The question arises, and is worth considering: How did this "blight of Socialism" arise, and why is it with us? My reply is this: That the great growth of riches on the one hand, and of poverty and misery on the other hand, have caused the masses to ask why this unequal distribution should exist, and to seek for methods for bringing about a fairer and more equal one.

During the last few years a great deal has been done to relieve and improve the condition of the poorer classes, but much—very much—remains to be done.

There are many men who do not belong to what are called the masses, men of noble minds and brilliant, education and attainments, who have seen the trouble coming, and have cast about for means of meeting it. Among these are the leading Socialists. Many confuse the Socialists and the Single Taxers, whose Socialistic proposal is better known and understood here, but they are totally different. There are many profound thinkers among the Socialists; I do not know of one among the Single Taxers. Their leader, Henry George, is a powerful writer, but if he had been a deep thinker he would long ago have found out that his proposed remedy is not only impracticable but positively mischievous. Probably there never has been another man who while seeking to do good has done so much harm as he has.

By proposing a measure sure to take with the unthinking crowd, and those who had nothing to lose, he frightened holders of real estate and prevented the expenditure of capital.
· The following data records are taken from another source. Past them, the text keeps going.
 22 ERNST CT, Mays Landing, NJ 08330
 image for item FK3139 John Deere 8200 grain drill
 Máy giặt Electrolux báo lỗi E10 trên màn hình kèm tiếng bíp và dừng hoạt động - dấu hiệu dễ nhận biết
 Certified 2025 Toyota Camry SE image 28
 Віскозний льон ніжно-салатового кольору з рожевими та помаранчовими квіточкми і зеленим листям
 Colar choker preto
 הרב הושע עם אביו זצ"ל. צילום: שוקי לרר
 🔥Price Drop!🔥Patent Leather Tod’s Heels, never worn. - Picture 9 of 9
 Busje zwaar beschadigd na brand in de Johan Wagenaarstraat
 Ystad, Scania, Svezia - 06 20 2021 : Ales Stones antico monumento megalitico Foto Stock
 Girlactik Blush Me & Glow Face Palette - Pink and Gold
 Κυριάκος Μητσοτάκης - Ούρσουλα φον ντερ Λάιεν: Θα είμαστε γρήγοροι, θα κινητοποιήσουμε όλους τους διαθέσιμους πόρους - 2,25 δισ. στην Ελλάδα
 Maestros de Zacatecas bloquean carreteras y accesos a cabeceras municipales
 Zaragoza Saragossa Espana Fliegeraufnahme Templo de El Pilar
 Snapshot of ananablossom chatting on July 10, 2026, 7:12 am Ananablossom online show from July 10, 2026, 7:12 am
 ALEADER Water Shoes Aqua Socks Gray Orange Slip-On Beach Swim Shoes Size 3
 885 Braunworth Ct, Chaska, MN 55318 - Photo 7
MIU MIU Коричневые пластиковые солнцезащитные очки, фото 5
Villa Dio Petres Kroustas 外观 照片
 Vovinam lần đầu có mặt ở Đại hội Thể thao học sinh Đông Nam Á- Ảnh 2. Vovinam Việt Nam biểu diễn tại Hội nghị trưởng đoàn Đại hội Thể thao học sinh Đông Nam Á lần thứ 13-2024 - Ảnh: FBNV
At one time it seemed possible that his proposal might be tried, and investors knew that that would mean a state of commercial and financial chaos, therefore they held back, and vast numbers of people were thrown out of employment.

Both the Socialists and the Single Taxers saw that the trouble arose because the people as a whole cannot obtain land when and in such situations as they want it, and they both thought that the difficulty could be got over by nationalising the land. The Socialists, however, were clever enough to see that if the land were nationalised, that everything else must become national property also, and that individualism must be clean swept away.

The Single Taxers, on the other hand, thought they could nationalise the land, and at the same time retain individualism. The idea is an absurdity: everything goes with the land, and if that becomes national property so must everything else, and individualism must absolutely cease.

I dread the Socialistic movement, and believe it will lead to nothing but evil, but there is no use in blinding our eyes to the page 94 fact that it is a growing power, and that it is ably led, and we may rest assured that it is absolutely necessary to arrest the movement by doing something to render the existence of Socialism unnecessary.

We must by some means make the land available. Leaders of thought in England see this, and they hope to do it by means of the allotment system, "three acres and a cow," but so far this movement has failed, and fail it must, until the transit system is so altered that the workers can live on land, and at the same time have cheap and easy access to districts where they can sell their labour. If this were done we should soon, cease to hear the words Socialism and Single Tax. Every man who has an acre becomes interested in conserving the rights of property.

It is all very well to rail at Socialism, but we must remember that Socialism, Single Tax, One-man-one-vote are not to any extent responsible for the present state of things, for these movements are but of yesterday. The present trouble is the result of the work of ages.

From remote periods property and the propertied classes have governed the world, and with but few exceptions still govern it, and it is because they have neglected their duties and have so much ignored the wants and requirements of the poorer classes that we have this "blight," this "curse of Socialism" among us.